Pourquoi la rentrée serait-elle difficile ?

4 août 2014 | Mise à jour le 24 avril 2017
Par | Photo(s) : Bapoushoo
Pourquoi la rentrée serait-elle difficile ?

 

 

Que vous rentriez de vacances ou que vous vous apprêtiez à partir, vous êtes désormais prévenus : la rentrée sera difficile. C'est le message qu'a tenu à délivrer le gouvernement au sortir d'un séminaire réuni à la veille des congés.
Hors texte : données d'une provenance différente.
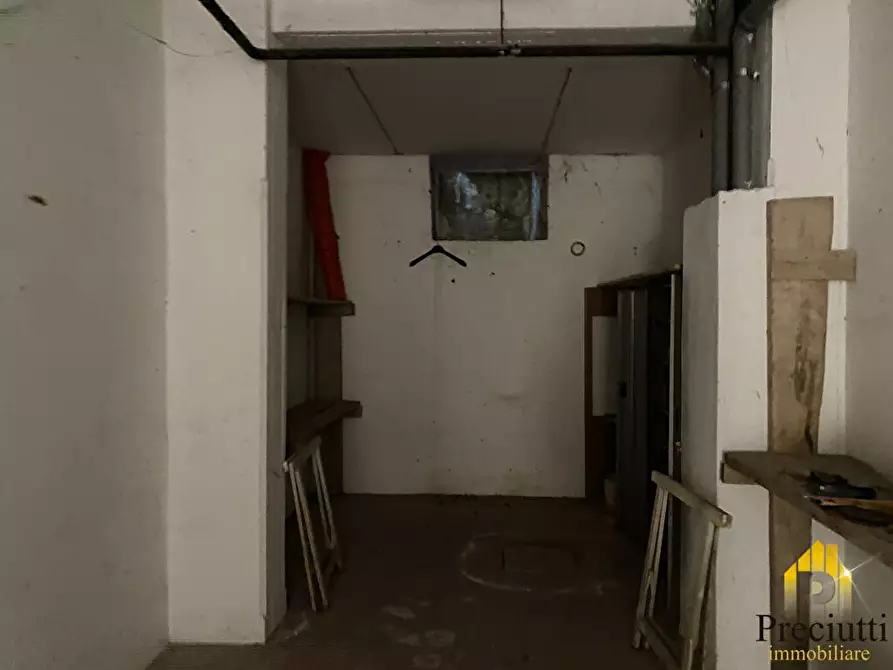 Immagine 4 di Box auto in vendita  in VIA DEL FONTANILE ARENATO 308 a Roma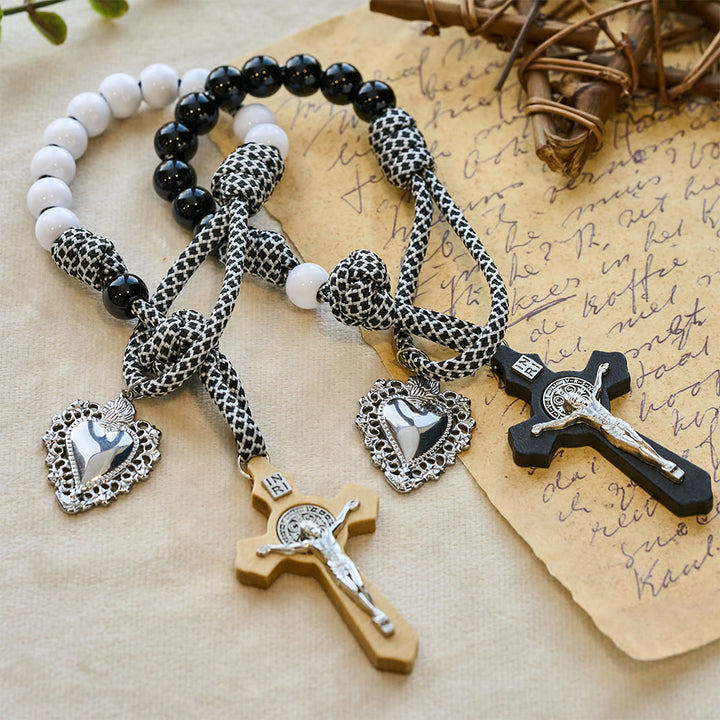 Christianartworkshop Rosenkranz-Set für Paare im Taschenformat mit Herz Jesu und Kruzifix - Paar-Set (Schwarz-Weiß) - image 0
Pour répondre à ce choc que ne laissaient nullement présager les propos lénifiants du président le 14 Juillet – « la croissance est là » –, le Premier ministre a affiché son volontarisme : « Notre politique ce sera le pacte, tout le pacte et encore plus loin que le pacte. »

 

UNE « PACTOPHILIE » GALOPANTE

Le propos n'est pas pour rassurer. Porté à la présidence pour amender le pacte budgétaire européen – avec le succès que l'on sait –, François Hollande a, depuis, multiplié le recours aux pactes comme autant de grands rendez-vous avec la Nation. Une « pactophilie » galopante qui, loin d'apaiser les Français en leur donnant quelques perspectives, a au contraire largement contribué à discréditer la parole présidentielle quand ce n'est la parole politique tout court. Comment en effet enchaîner les pactes sans mettre en cause le bien-fondé du précédent ? Comment préserver un « effet pacte » quand les résultats se font à ce point attendre ? On comprend donc aisément que le président ait pris soin, face au choc que constitue un accident d'avion, d'entretenir un lien avec le pays que l'incohérence et l'impuissance de la politique suivie mettent sérieusement à mal.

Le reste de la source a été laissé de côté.